• _TASK TO COMPLETE_
Please give back the listing below word for word and drop any images.

• _SUPPLIED MATERIAL_
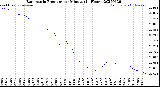 Milwaukee Weather Barometric Pressure<br>per Minute<br>(24 Hours)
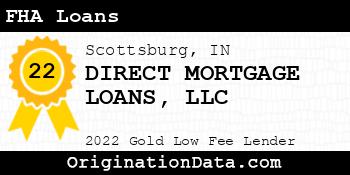 DIRECT MORTGAGE LOANS FHA Loans gold
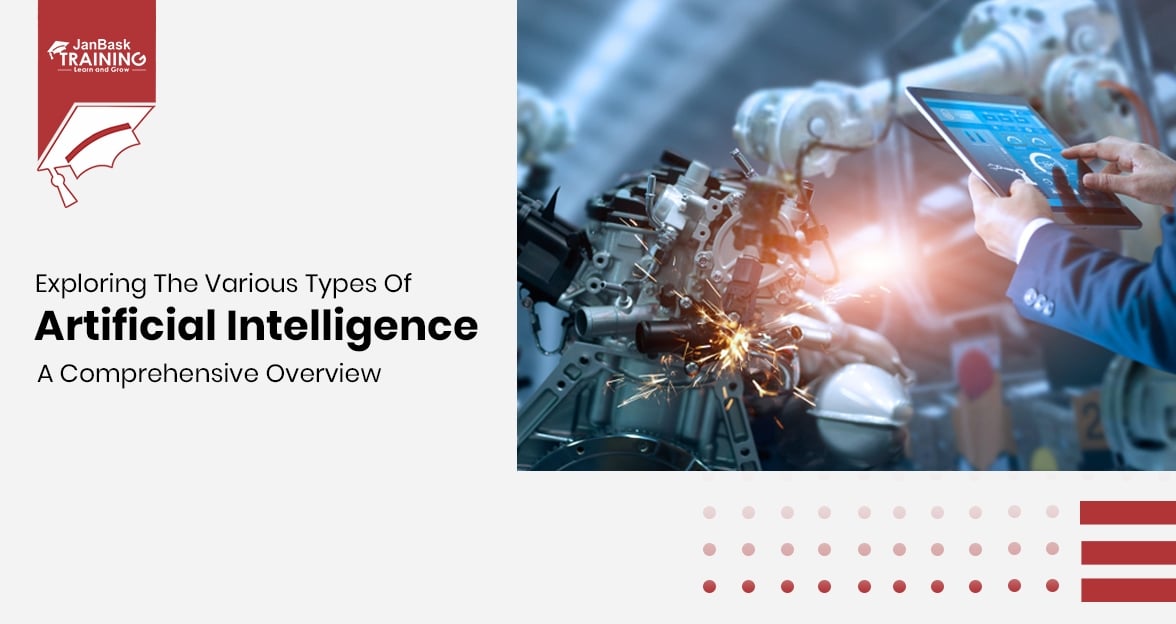  Types of Artificial Intelligence:  Course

• _TASK OUTPUT_
 Milwaukee Weather Barometric Pressure<br>per Minute<br>(24 Hours)
 DIRECT MORTGAGE LOANS FHA Loans gold
  Types of Artificial Intelligence:  Course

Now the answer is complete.